It’s finally tree-planting season, and we headed out to the Natural Gardener to replenish our sprinkler inventory. The Hill Country sun is tough on plastic.
When were told which model arborist Don Gardner recommends, were were sold. Don is our go-to arborist: he’s worked with us at the ranch and in the city for more than a decade now. Most recently, he counseled us on how to protect our trees during a sewer replacement. I love Don, such a mensch!
(He’s strictly a consulting arborist these days, which means he only advises. You know you’ll get the best, disinterested advice from someone who doesn’t also want to sell you his services.)

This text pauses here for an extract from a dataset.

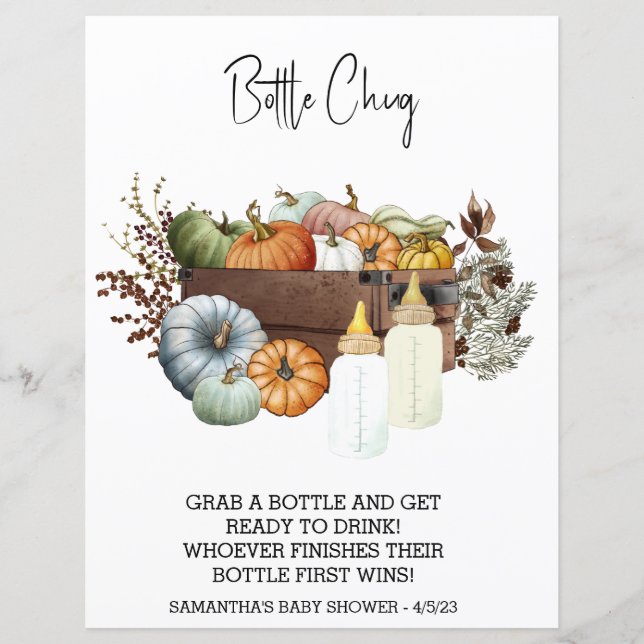 Papier Baby shower Citrouille Automne Bouteille Boire hor (Devant)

We were then handed a great handout at the Natural Gardener, “Don Gardner’s Watering Guidelines for Trees.” I thought I’d share some of his tips:
- Don recommends a small, round, flat sprinkler: it’s metal, about six inches in diameter, with one hole that sprays a cone-shaped fountain up in the air.
- Set the sprinkler to low-flow, so that the droplets are visible. Avoid turning the flow too high, because this creates a mist that evaporates quickly.
- The goal is even moisture. Bubblers, hose-end soakers, and soaker hoses may reduce evaporation, but they don’t distribute the water evenly over the root system.
- During very hot, dry weather, a thick layer of mulch can intercept most of the water before it reaches the ground. Old mulches can get crusty and even repel water. Break up the surface of the mulch or increase the water.
- Two inches of mulch is optimal for newly planted trees.
- Mature trees with mulch under them are more water-efficient than trees under-planted with grass.